• _Your task_
Quote the data below in full, minus the images.

= = = =

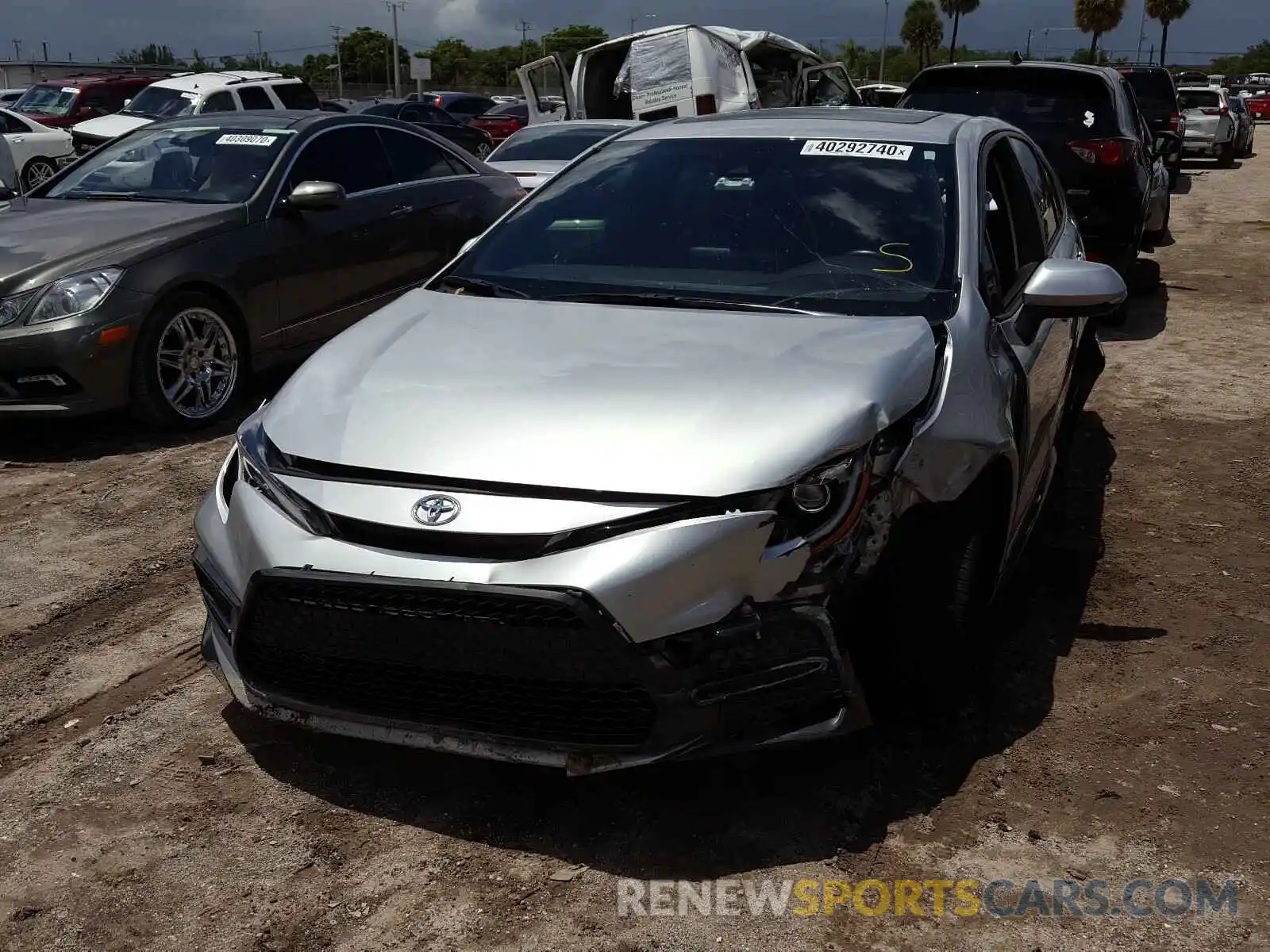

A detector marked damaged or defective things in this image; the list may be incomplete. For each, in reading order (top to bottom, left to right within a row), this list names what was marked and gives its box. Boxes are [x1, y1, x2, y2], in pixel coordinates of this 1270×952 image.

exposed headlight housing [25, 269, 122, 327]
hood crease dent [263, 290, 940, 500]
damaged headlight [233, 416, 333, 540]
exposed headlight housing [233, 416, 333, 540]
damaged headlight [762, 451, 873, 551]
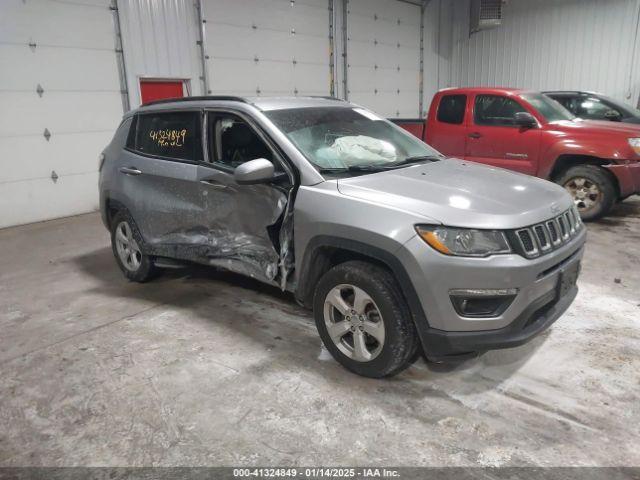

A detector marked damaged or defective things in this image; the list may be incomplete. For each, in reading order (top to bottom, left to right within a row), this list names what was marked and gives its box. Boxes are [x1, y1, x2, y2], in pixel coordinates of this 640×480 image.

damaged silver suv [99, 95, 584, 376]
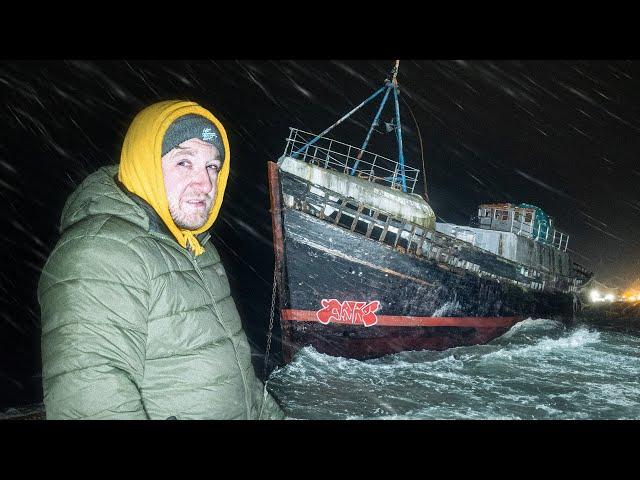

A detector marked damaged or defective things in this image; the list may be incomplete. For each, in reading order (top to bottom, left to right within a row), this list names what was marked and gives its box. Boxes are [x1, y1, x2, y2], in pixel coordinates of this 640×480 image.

= = = =

• _Solution to the exercise_
A detector marked damaged or defective things in this image; the list may be incomplete. For each, in reading order (top to bottom, left to right within a row), this list names what was marked and gives its box. Boxes are [x1, y1, x2, y2], in pixel coordinates of this 1270×952 image.

exposed headlight housing [25, 269, 122, 327]
hood crease dent [263, 290, 940, 500]
damaged headlight [233, 416, 333, 540]
exposed headlight housing [233, 416, 333, 540]
damaged headlight [762, 451, 873, 551]

A detector marked damaged or defective things in this image; the list may be incomplete. For each, in reading order (top to bottom, left to right within a row), this list names what was marked and gives its box. Boxes are [x1, y1, x2, y2], in pixel coordinates of this 640×480 image.

damaged silver suv [99, 95, 584, 376]

A detector marked damaged or defective things in this image; the list may be incomplete. For each, in reading order (top to bottom, left to right within a row), this list names what was marked and gives its box. Boxes are [x1, y1, x2, y2], in pixel coordinates of this 640×480 image.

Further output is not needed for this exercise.